It's been two months since the makers of Nintendo Switch emulator Yuzu settled for $2.4 million, ceasing development and handing the code over to Nintendo. Before Yuzu was taken offline, though, countless emulation fans forked the code to their own Github repositories, creating a duplicate. Others backed the code up to other hosting platforms, which may make them more resilient to Nintendo's takedown requests than Github, which has just complied with a Nintendo takedown request by removing 8,535 repositories of Yuzu code.
The details of the takedown were posted on Github yesterday, based on a takedown request sent on April 29. "Because the reported network that contained the allegedly infringing content was larger than one hundred (100) repositories, and the submitter alleged that all or most of the forks were infringing to the same extent as the parent repository, GitHub processed the takedown notice against the entire network of 8,535 repositories, inclusive of the parent repository," the statement reads.
Nintendo repeated the same claim it's made in the past: that Yuzu is violating the Digital Millennium Copyright Act because it "is primarily designed to and unlawfully 'circumvent[s] a technological measure that effectively controls access to a work protected under' the DMCA." This largely comes down to Yuzu's usage of cryptographic keys to decrypt and play Switch games, though the emulator never included the console hardware's keys in its code—users had to provide the prod.keys themselves. (It did include code to generate game-specific encryption title.keys, however.)
There was speculation when Yuzu quickly settled the lawsuit that the instructions on its website—which explained how to use the tool Lockpick_RCM to dump the cryptographic keys from a Switch—or that title.keys-related code may have proven damaging in court. But we'll never know, since no case that involves emulation and the DMCA's anti-circumvention measures has made it to trial.

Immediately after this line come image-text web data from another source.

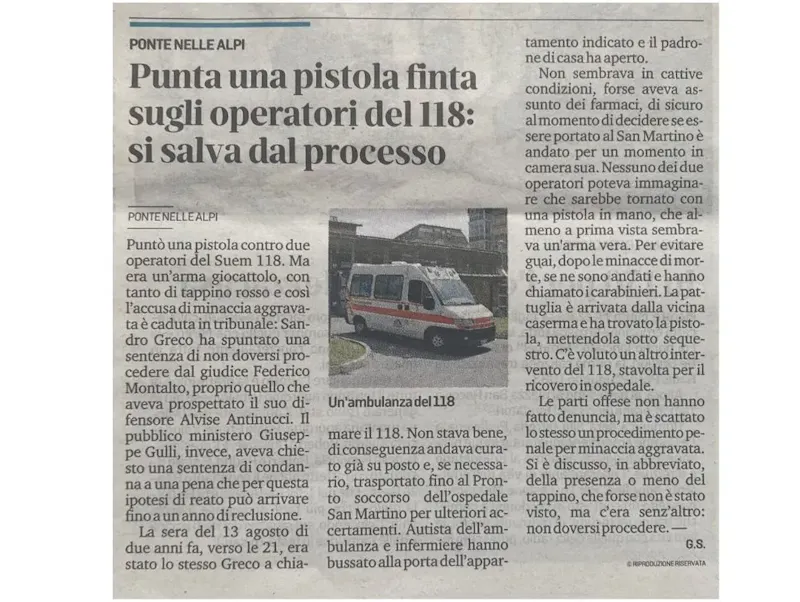 MINACCIA CON PISTOLA I PROPRI SOCCORRITORI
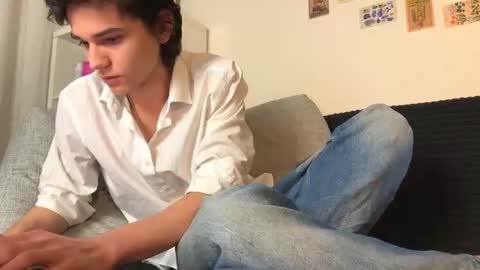 Mark online show from 12/15/25, 01:59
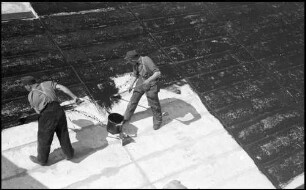 Linnich: Neubau der Seidenfabrik, Teeren der Platten, nahe, von oben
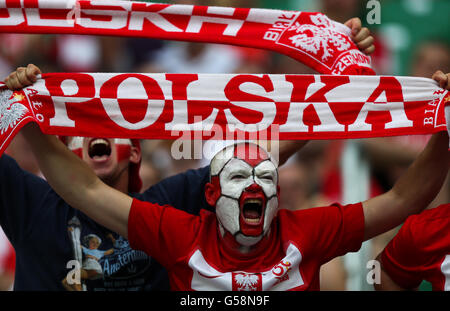 Football - UEFA Euro 2012 - Groupe A - République tchèque / Pologne - Stade municipal.Un fan de Pologne montre son soutien à son équipe dans les tribunes avant le début du match Banque D'Images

While 8,535 repositories sounds like a large blow, the code remains online in many other locations, as does one of the Yuzu successors on Github, Sudachi (which pointedly removed the code related to the title.keys, requiring users to supply those for each individual game). Despite Nintendo's ongoing efforts to stamp out further development of Switch emulation—including by going after the Discord accounts of two people who attempted to spin up their own successors using Yuzu's code—it's never going to be able to find or remove all the places the emulator's code has been stashed online. Nintendo may make developing Yuzu on Github a particularly fraught effort, but even then there's another formidable Switch emulator, Ryujinx, which seems to be standing on firmer legal ground.